MUNA’s music is all about self-expression and empowerment, and their live show is no different. The band members are all incredibly talented musicians in their own right, and their return to the Twin Cities, marking their second show here since August, was a breathtaking display in more ways than one.
MUNA’s been on a roll lately. Lead singer Katie Gavins made sure the sold out Palace Theatre crowd knew that they didnt take their recent success lightly, thanking them for coming, listening, and allowing the music to act as a vehicle to be themselves – all amid fun banter between her bandmembers onstage. Their show at the Palace last night may have been just another date on a tour for them, perhaps not as meaningful of a stop amid performing sets at festivals like Coachella, Bonnaroo, and opening select dates in stadiums nationwide for little known pop-singer Taylor Swift. Tonight’s show didn’t feel just another tour date to the polite and welcoming crowd who packed the Palace, and it certainly didn’t feel like MUNA was at all tired from the road, or their recent success either. The band treated the show like it was their own stadium show – someplace they should be headlining soon enough.

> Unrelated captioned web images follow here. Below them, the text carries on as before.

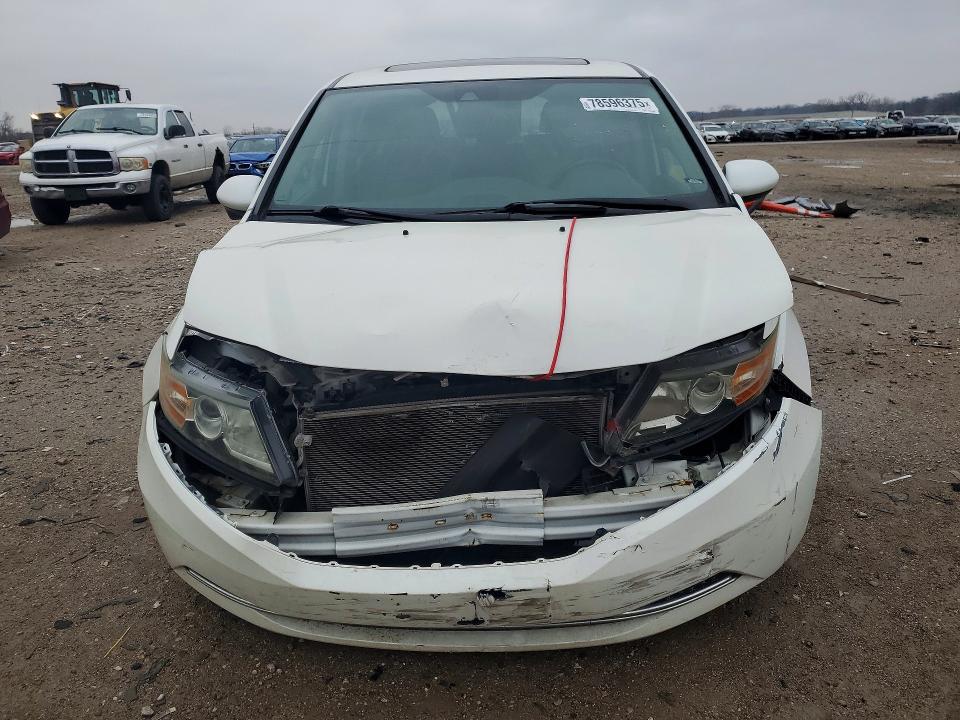 Photo 5 from auction – 2016 HONDA ODYSSEY with VIN 5FNRL5H61GB069540
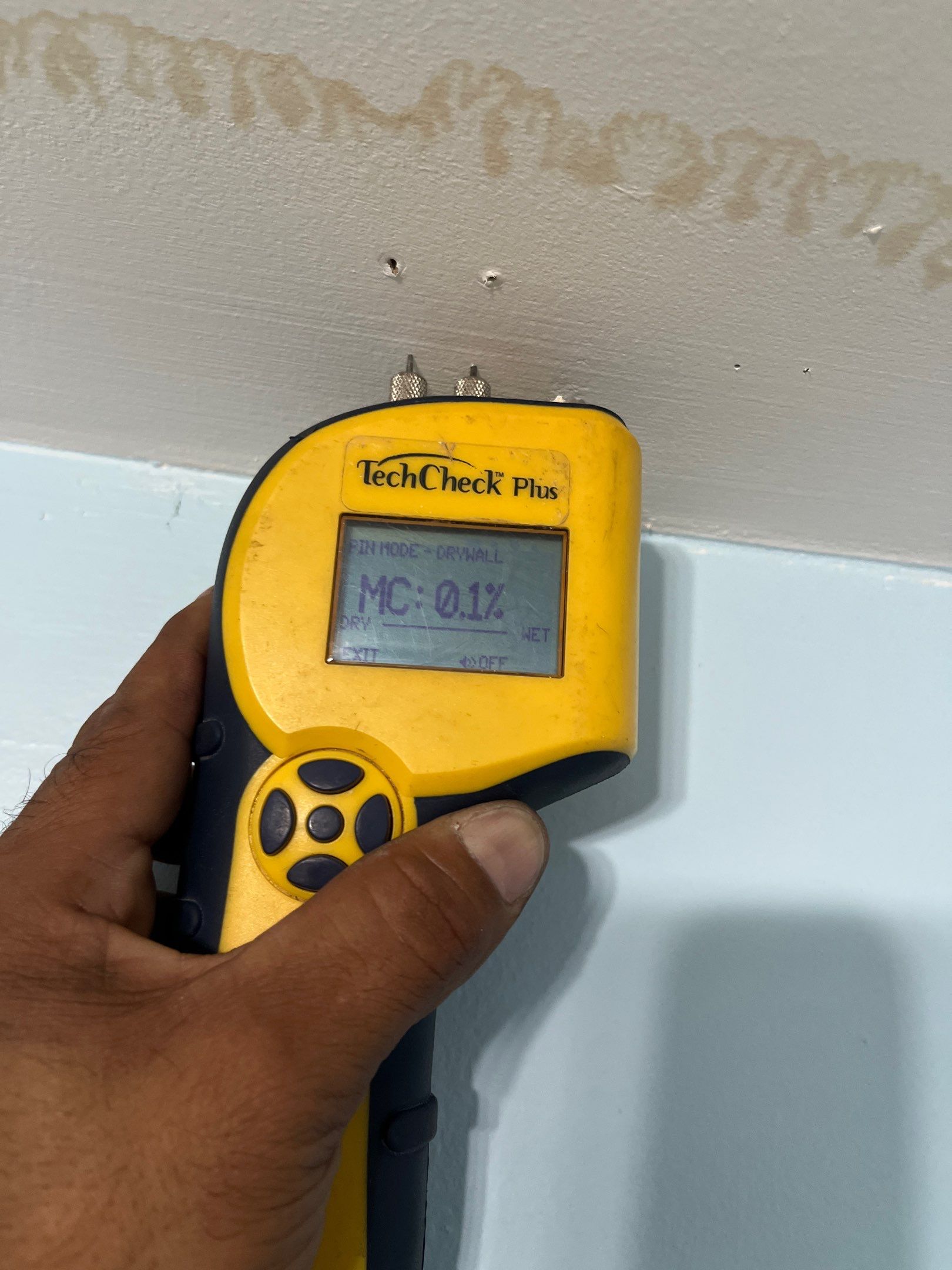 Water Loss Restoration by EAS Environmental, LLC.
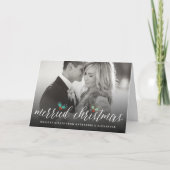 メリーズ・クリスマス・ミセス・フォーモダント結婚ズ シーズンカード (正面)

At times, it felt like watching your best friends on a playground. The band danced, kissed, spanked, and chased each-other around on stage like a big game of lesbian tag. The crowd passed around “Stacy”, the band’s inflatable crowd surfing horse, waved pride flags, and danced and sang along to MUNA’s catalog with just as much energy as the band. The energy is only part of what makes a MUNA show so special, however. Their music is of course catchy and danceable, but it also has a deeper message. The band’s lyrics are often about personal experiences, social justice issues, and LGBTQ+ rights and body positivity. They’re a band whose not afraid to be vulnerable in their music. They talk about their own struggles and challenges, and they encourage their fans to do the same. This honesty is one of the things that makes MUNA’s music powerful, just as it is important.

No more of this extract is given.